Former Obama administration officials are now leading health departments in Michigan, North Carolina, Pennsylvania, and Wisconsin as well as New Jersey.

Jeanne Lambrew, who served as deputy director of the White House Office Reform during the early implementation of the Affordable Care Act, will lead the effort to expand Medicaid in Maine. That state’s former governor, Paul LePage, was so opposed to expanding the health program for the poor that he fought a voter referendum approving it.

Some of them say they’ve stayed in public service because of the Trump administration’s aggressive efforts to roll back Obama-era policies. They’re looking for ways to finish some of the work they started years before at the federal level. Some of them say they simply found opportunities they couldn’t pass up.

The group stays in touch and they often turn to each other when hiring staff or sometimes just for words of encouragement.

Johnson helped lay the foundations for tackling the opioid crisis while working for the federal government and as a member of Bob Casey’s staff (D-Pa.) on the Senate Special Committee on Aging.
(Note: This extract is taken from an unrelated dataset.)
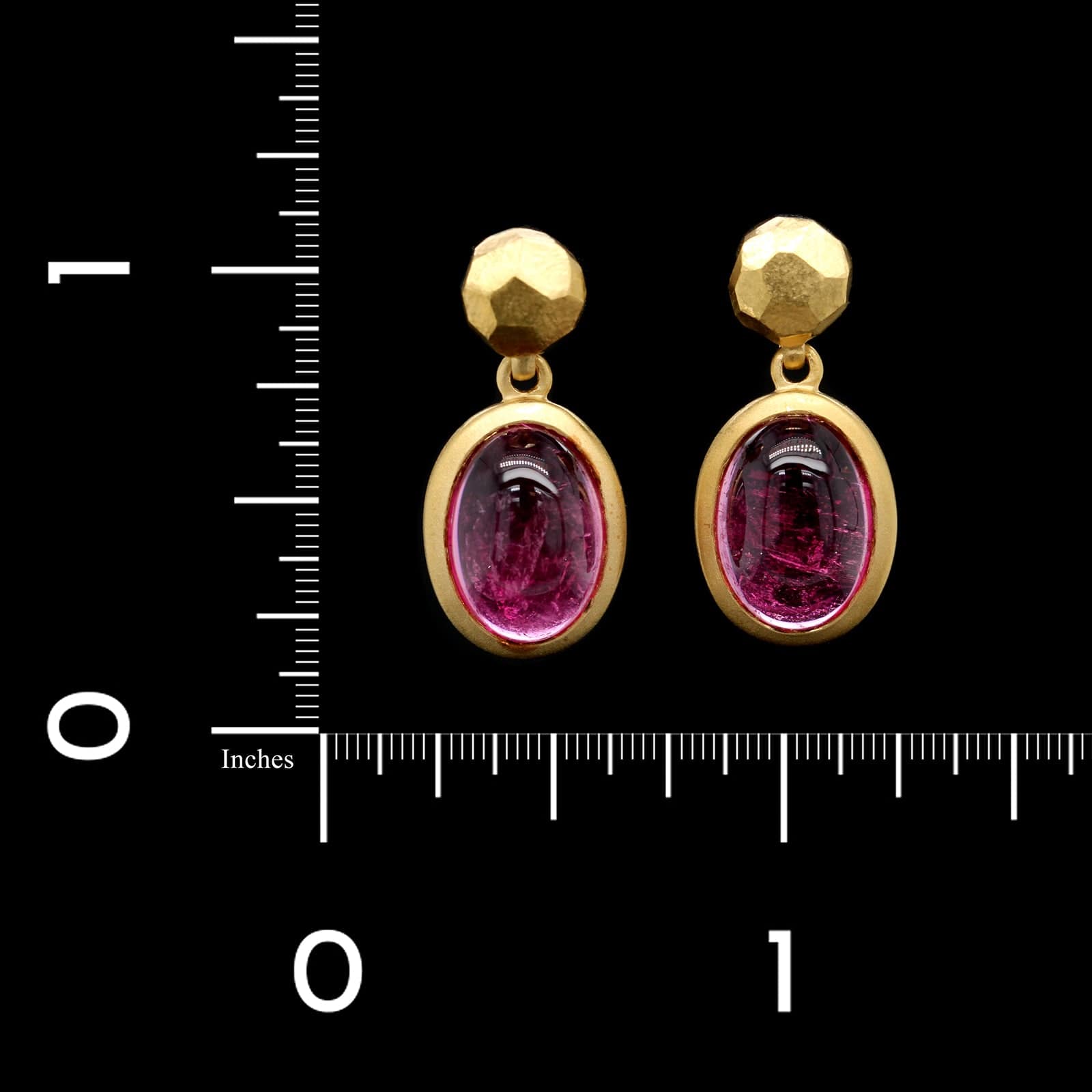 18K Yellow Gold Estate Pink Tourmaline Drop Earrings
In New Jersey, she’s working at making it easier for Medicaid beneficiaries in the state, which was among the earliest to expand the program under the Affordable Care Act to get addiction treatment. The state has worked to cut down prior authorization requirements in the program that add bureaucratic barriers to access medication-assisted treatment, Johnson said.

Managed Care Transition

In North Carolina, Mandy Cohen is leading the effort to transition the state’s Medicaid program to managed care, a model where the state contracts with private insurers to accept a per-person, per-month payment for coverage. The transition came after Republicans in the state legislature complained about how much Medicaid spending in the state fluctuated year-to-year.
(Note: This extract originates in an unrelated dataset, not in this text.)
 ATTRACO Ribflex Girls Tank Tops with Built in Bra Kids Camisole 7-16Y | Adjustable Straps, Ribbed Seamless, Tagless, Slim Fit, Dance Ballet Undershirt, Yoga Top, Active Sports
North Carolina’s health department has a $20 billion annual budget and the state pays for about half of all births through its Medicaid program, Cohen said. The state has one of the country’s largest Medicaid programs despite not expanding under the Affordable Care Act.

The managed care organizations that the state contracts with are being asked to look at social and environmental factors that impact the health of beneficiaries, Cohen said. They’ll look at how food, housing, and transportation needs are or aren’t being met, she said.

“We’re trying to think more holistically about people, not just their physical needs but their unmet social needs,” Cohen said.

Creating Models

The program was influenced by Cohen’s work in the Obama administration and is meant to eventually lower the cost of covering North Carolina’s poorest residents.

These states are creating models for policies to improve the Affordable Care Act and public health programs like Medicaid that will lay the groundwork for other states to follow suit, left-leaning policy groups said. Just as Massachusetts’s experiment in health reform led to the creation of the Affordable Care Act, these changes could lead to future universal health coverage policies.

“These provide a road map for shoring up the Affordable Care Act and building up for a future administration that’s looking to expand coverage,” Maura Calsyn, managing director of health policy at the Center for American Progress, said.